In 1977, two years after dropping
the Firesign Theatre from the label, Columbia Records attempted to summarize the comedy group's nine-album catalog on the two-LP set
Forward into the Past (An Anthology). With the two-disc
Shoes for Industry! The Best of the Firesign Theatre, which has the advantage of spreading out across two and a half hours, Sony's Legacy reissue division undertakes the same task for the CD era 16 years later. The dilemma faced by compilation producer
Bob Irwin is the same one from 1977, however.
The Firesign Theatre generally conceived its albums as albums, often with continuing themes and repeating bits, so excerpting them on a best-of is not easy.

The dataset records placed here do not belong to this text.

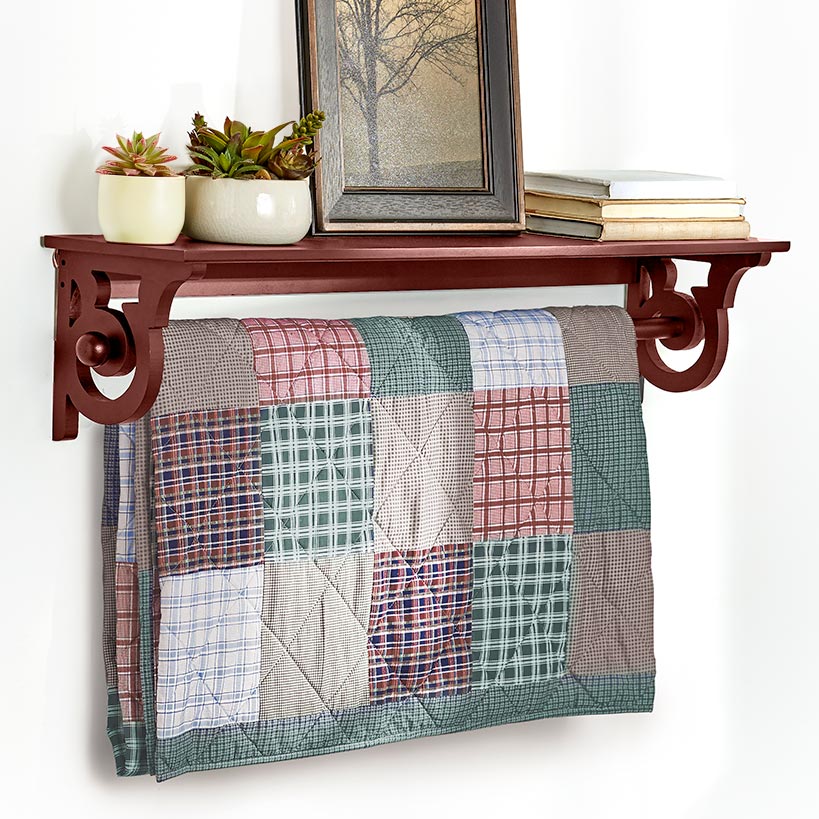 Wall Mounted Wooden Quilt or Towel Rack with Storage Shelf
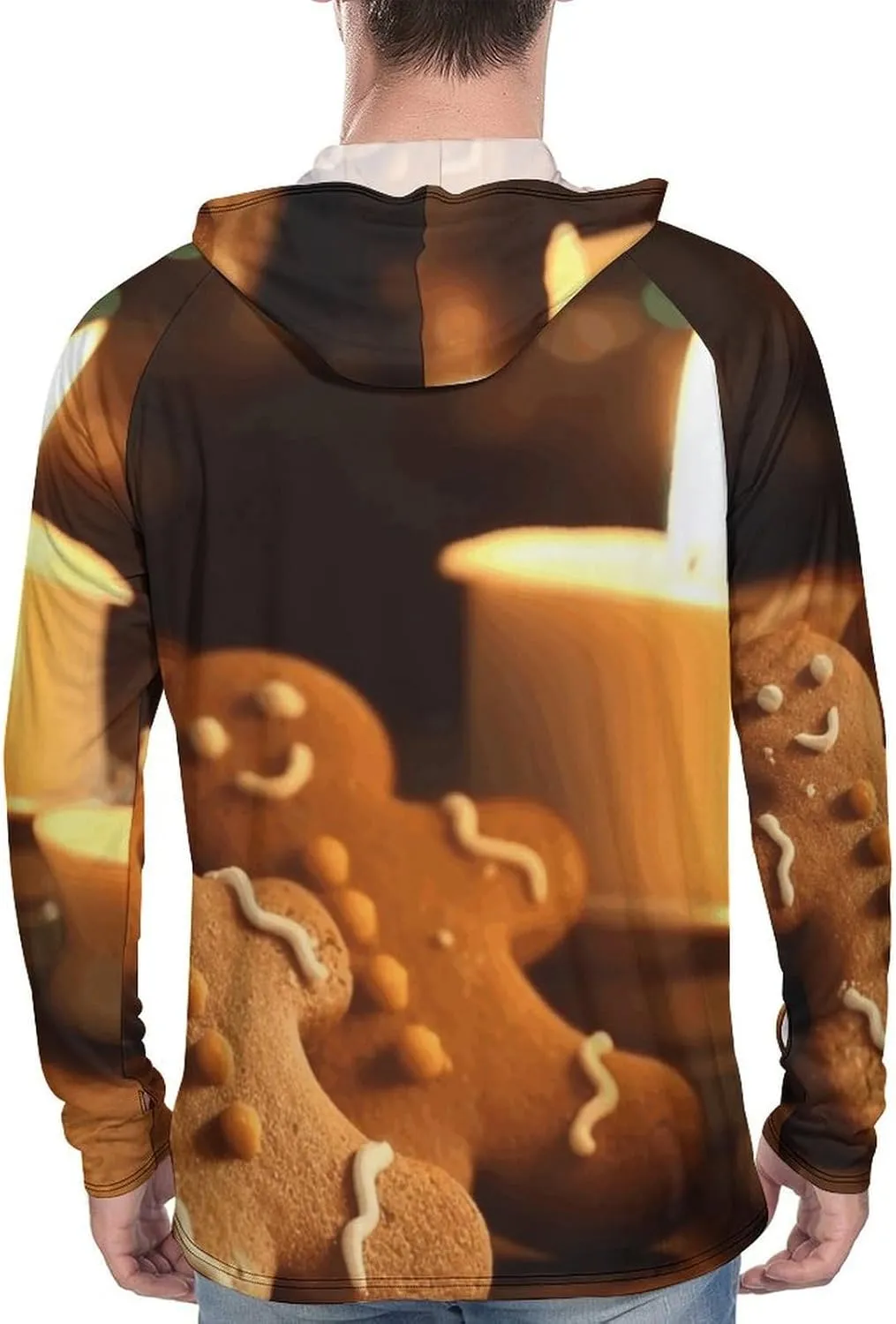 Men's UPF 50  Sun Protection Hoodie Outdoor UV Shirts Candles and Gingerbread Men Long Sleeve Quick Dry Fishing Hiking Shirt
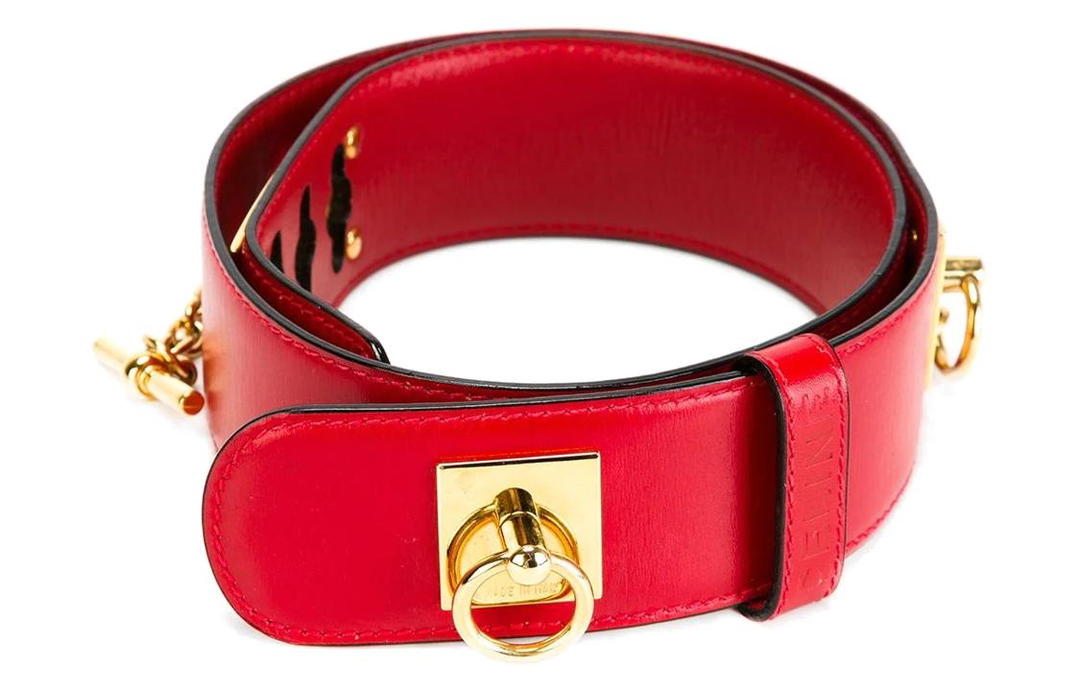 Celine Celine Letter Round Decoration Smooth Buckle Leather Belts Women's Red Width: 4cm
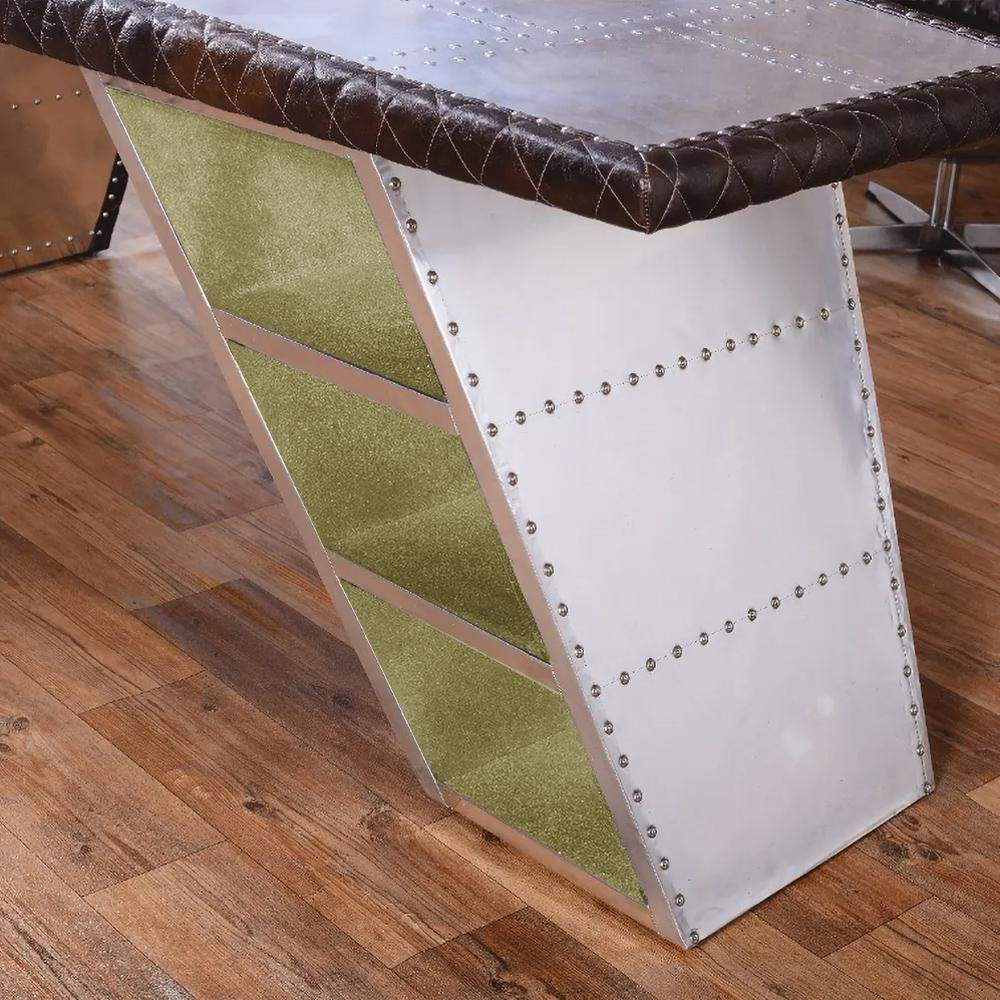 76" Aviator Desk with Storage Aluminum and Leather Office Desk-Desks,Furniture,Office Furniture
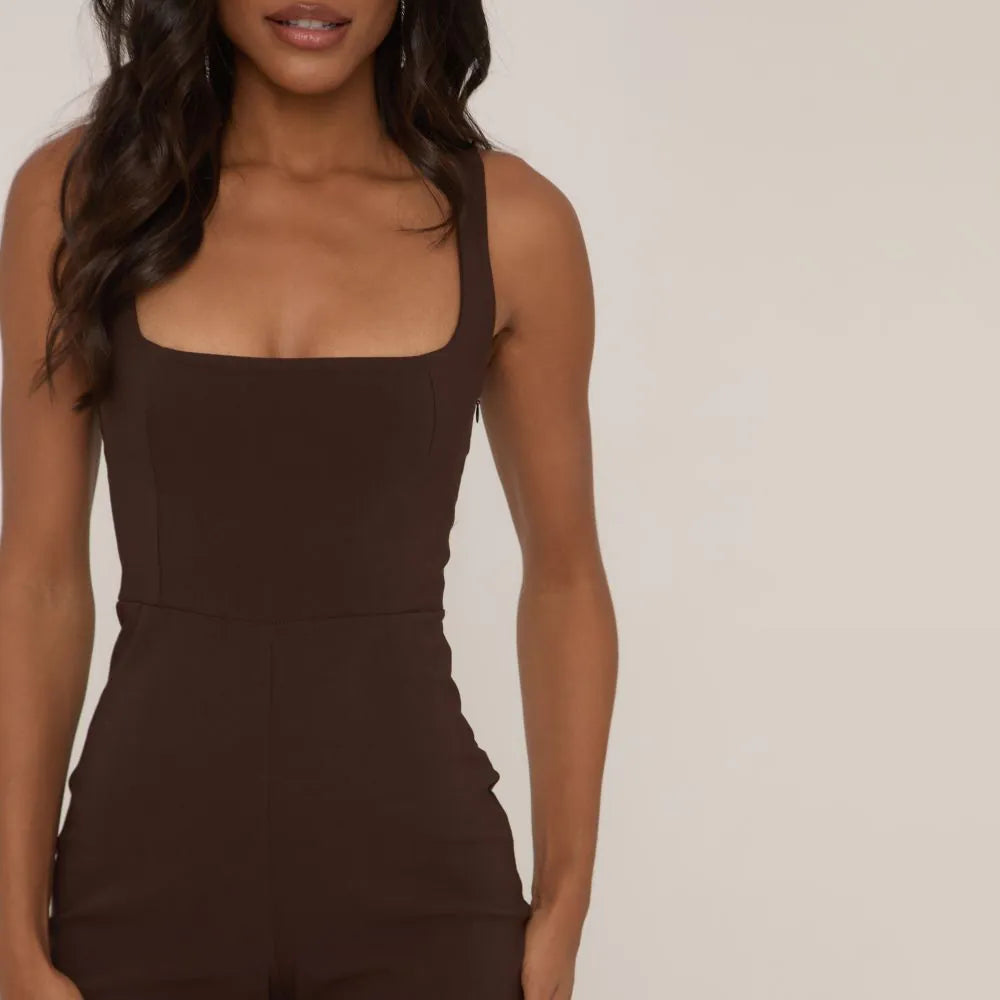 Square Neck Flared Jumpsuit In Chocolate Brown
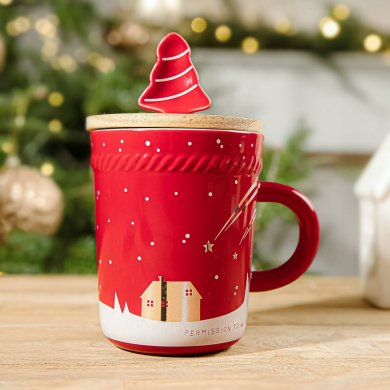 Кружка Homla TREE TIME 280 мл | Красный / Принт 159983 фото - 2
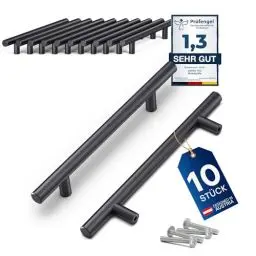 Produktbild: LIVING-TEC Schrankgriffe 10 Stück 128mm schwarz - Hochwertige Möbelgriffe aus Edelstahl - Griffe für Küchenschränke, Küche, Möbel, Schränke - Küchengriffe im runden Design - Möbelgriff Metall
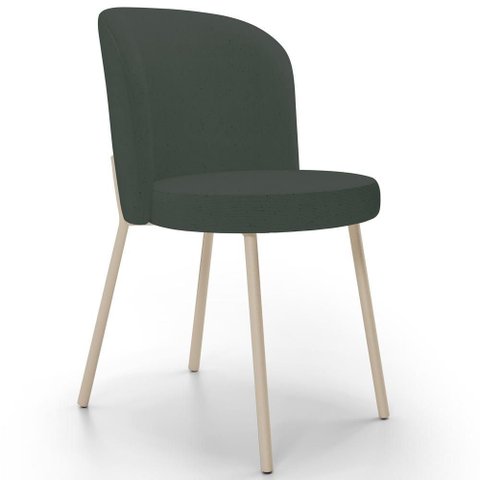 Cadeira para Sala de Jantar Cozinha Estofada Gavi Arena L02 Linho Verde Musgo - Lyam Decor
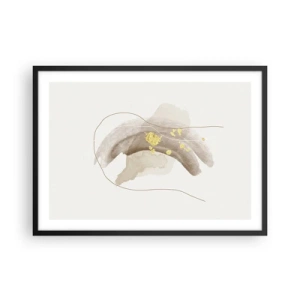 Poster in einem schwarzem Rahmen - Eine abstrakte Komposition in Beige- und Goldtönen. - 70x50cm - Im Weltraum begegnet - Moderne Wanddekoration für Wohnzimmer und Schlafzimmer ARTTOR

Irwin has the further difficulty that he seems to have been tasked (or to have tasked himself) with pulling at least something not only from each of the group's albums, but also from most of the spinoff LPs. (These include
Philip Proctor and
Peter Bergman's two duo albums
TV or Not TV and
What This Country Needs, as well as
Philip Austin's
Roller Maidens from Outer Space; there is nothing from
David Ossman's
How Time Flys.) In his liner notes,
Steve Simels opines that the recordings went downhill after the third album, 1970's
Don't Crush That Dwarf, Hand Me the Pliers, and quotes the group members in general agreement. Some fans may take issue with that, especially those who made 1971's
I Think We're All Bozos on This Bus Firesign's highest-charting effort. But
Irwin may agree, since he only includes "The Holygram's Song (Back from the Shadows Again)," a brief musical joke, and "The Breaking of the President" from
Bozos, segments that only suggest the overall structure of the disc. Similarly, the one eight-and-a-half-minute piece from the 1973 album
The Tale of the Giant Rat of Sumatra, "Not Quite the Solution He Expected," only hints at the whole. Happily, the CD length allows for the inclusion of the complete 28 minutes of "The Further Adventures of Nick Danger" from the second album, 1969's How Can You Be in Two Places at Once When You're Not Anywhere at All. And fans will appreciate the digital appearances of both sides of the 1969 single "Forward into the Past"/"Station Break." On the whole, though, they may feel that even with two CDs to work with, the job of capturing the magic of
the Firesign Theatre's Columbia years onto one album is too hard. Neophytes probably would be better off starting with 1968's debut album,
Waiting for the Electrician or Someone Like Him, and going on from there.